In fact, for the past 15 years I have campaigned about global injustice based on the evidence through which Christian Aid, WDM and many others have prominently and repeatedly demonstrated that the free market policies and privatisation forced onto poor countries by richer ones damage the countries forced to adopt them.
This much was obvious in 2000 when I first got involved in the Jubilee Debt Campaign, which focused on how the IMF and World Bank who were supposed to administrate help to developing countries were making the problem much worse by making such policies were as a condition of receiving any help whatsoever (be it debt relief, aid or foreign investment in trade).
So why is it still regarded as revolutionary that we should review economic models based upon the evidence of whether they work or not? Why is there such an alarming homogeneity about the varieties of economics that are permitted to be mainstream?
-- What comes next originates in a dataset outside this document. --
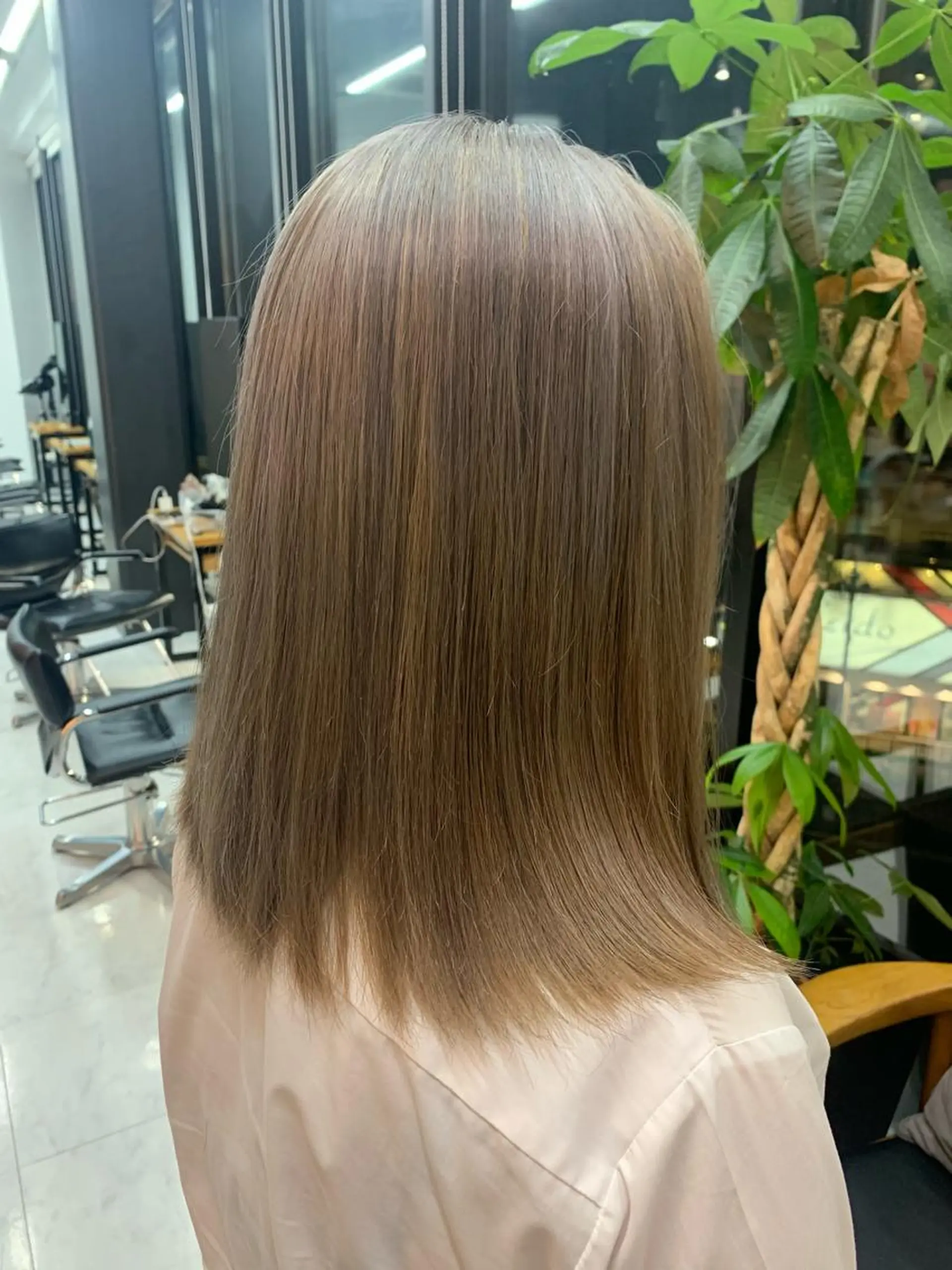 セミロング カラー 光透け髪🫧 moekaのヘアスタイル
Paul Samuelson wrote that: “I don’t care who writes a nation’s laws, or crafts its treatises, if I can write its economics textbooks.” He had a point: globalisation is very much the result of the economics favoured by the powerful being replicated around the world with little regard for truth, morality or justice.
So I have been glad to read recently of the move by economics students in Manchester to reject the monoculture provided by their lecturers and require that their studies should include the best of recent research into sociology, psychology and human behaviour:
Economics education is monopolised by a single school of thought commonly referred to as neoclassical economics. Crucially, very few economists working within this mainstream predicted the Financial Crisis. Afterwards many concluded that the best predictions came from those economists that had been marginalised by the mainstream. Despite this alternative perspectives are still close to non-existent in undergraduate programmes. We demonstrate this through a detailed analysis of Manchester’s syllabus, which itself is representative of economics syllabuses around the UK. This lack of competing thought stifles innovation, damages creativity and suppresses the constructive criticisms that are so vital for economic understanding and advancement. There is also a distinct lack of real-world application of economic ideas, with the focus being on abstract modelling that often seems devoid from reality. Finally, the study of ethics, politics and history are almost completely absent from the syllabus.
I feel that when even the Bank of England thinks that "It is time to rethink some of the basic building blocks of economics” (Andrew Haldane, Executive Director for Financial Stability), it's probably time to start listening to the voices who have been crying out at the margins for decades and change the way we think about money.
Rather than adopting patently false assumptions that people base all their economic decisions on perfect information (never available) and self interest (which usually ignores the environmental and social costs of thinking only at an individual level), maybe we can relegate the damage done to the poorest people in our world to the history books with the economic theories that justified it.